Daniel comes to see Emily Thorne (Emily VanCamp) and they patch things up, but not before Daniel finding out that Tyler lied to him. Daniel confronts Tyler, but he claims he was looking out for Daniel. Conrad gifts Victoria a peace offering in the form of a $200,000 car, which she ultimately gives to Charlotte Grayson (Christa B. Allen) in an attempt to mend their relationship.

Nolan Ross (Gabriel Mann) plants a hidden camera in Emily's house, thus catching Lydia expressing her desire to get the house back from Emily. Emily refuses to give up the house and proceeds to ship Lydia's remaining belongings to her new place, planting "evidence" that makes it seem as if Lydia has been behind the string of downfalls. Nolan's hidden camera goes with the belongings and catches Lydia threatening Conrad about exposing their involvement in framing David Clarke (James Tupper). Nolan also sees Lydia seeming to have found out about Emily's past. He races to tell Emily that she might be in trouble. Frank breaks into Lydia's place and discovers documents suggesting she was the mastermind of the recent falls of influential people in the community, as well as her speech meant to expose the Graysons.

At the Open Arms Charity Benefit, Victoria lies to Lydia about renewing their friendship, in order to keep her from exposing their involvement in the terrorist act. Lydia comes home and they get into a scuffle that ends with Frank pushing Lydia from her penthouse balcony, before she lands on a taxi below with Frank informing Victoria that Lydia had jumped from her balcony and Nolan having witnessed the attack from his whale cam, believing that Lydia is dead after sneaking into her apartment to remove Emily's name from the employee list and finding her body.

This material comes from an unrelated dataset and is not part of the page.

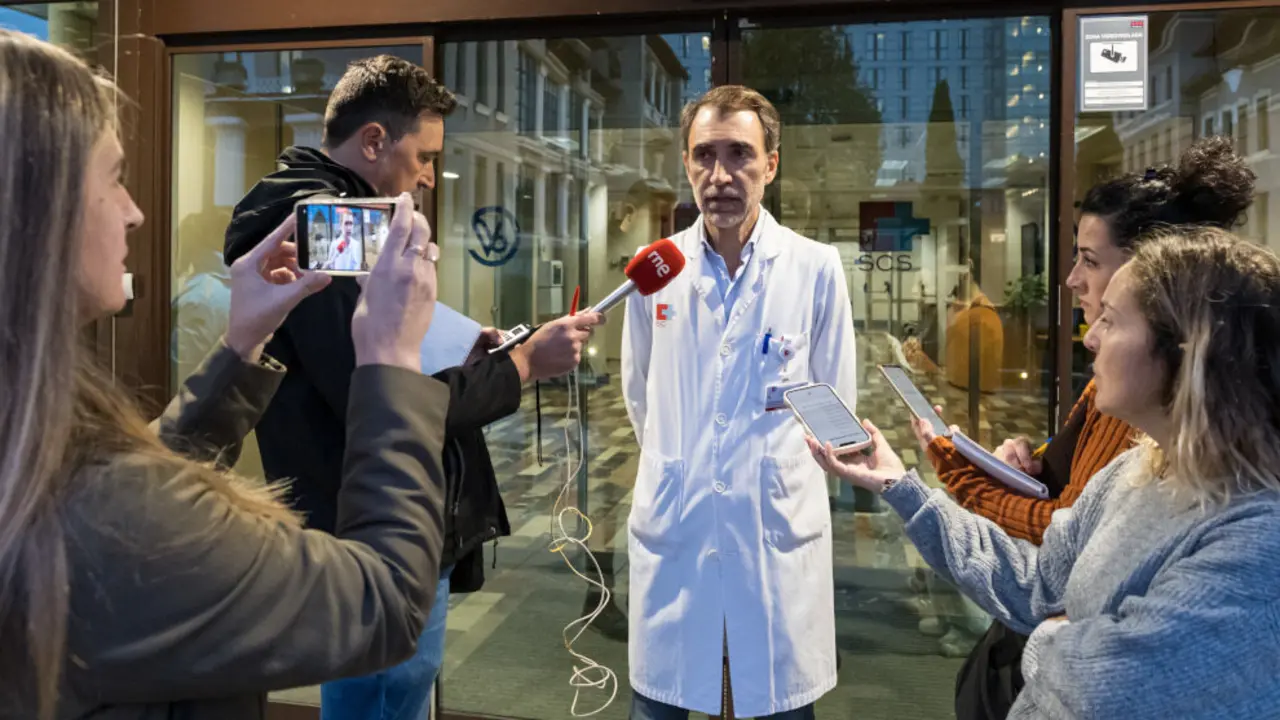 Ramón Herrería, director médico de Valdecilla, dando el primero informe sobre los ingresados en el hospital por la explosión del edificio en La Albericia. 26 de octubre de 2024 © Raúl Lucio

In an effort to make up for the trouble at the last event, Victoria's party planner Ashley (Ashley Madekwe), spurred by a suggestion from Emily, manages to get Victoria and her charity Victims United Outreach honored by Open Arms in the upcoming benefit. As she is forced to once again publicly honor the victims of the ill-fated flight that sent David Clarke to prison, Victoria begins to feel that guilt weigh with renewed intensity on her conscience.

==Production==
The episode was written by Nikki Toscano, and was directed by CSI: Crime Scene Investigation veteran Kenneth Fink.

==Reception==
===Ratings===
The episode was watched by 7.94 million viewers and received a 2.5 rating/7% share in the 18-49 demographics.

=== Critical reception===
Critics expressed delight in getting a dose of reality when the character Emily (Emily VanCamp) has finally found herself in a significantly dangerous situation of being exposed. They also praised the character developments of both Victoria (Madeleine Stowe) as she appears to have a heart and conscience after all, and Nolan (Gabriel Mann) as he becomes a bigger part of Emily's life because of his loyalty to her and her father. C. Orlando of TV Fanatic writes, "It's good to be reminded that he vowed to do his best to protect her. He's certainly doing all he can and I like his quirky loyalty more each week." Orlando went on to give the episode 4.5 out of 5 stars, while seemingly more impressed users gave an average of 4.9 out of 5 stars on the site.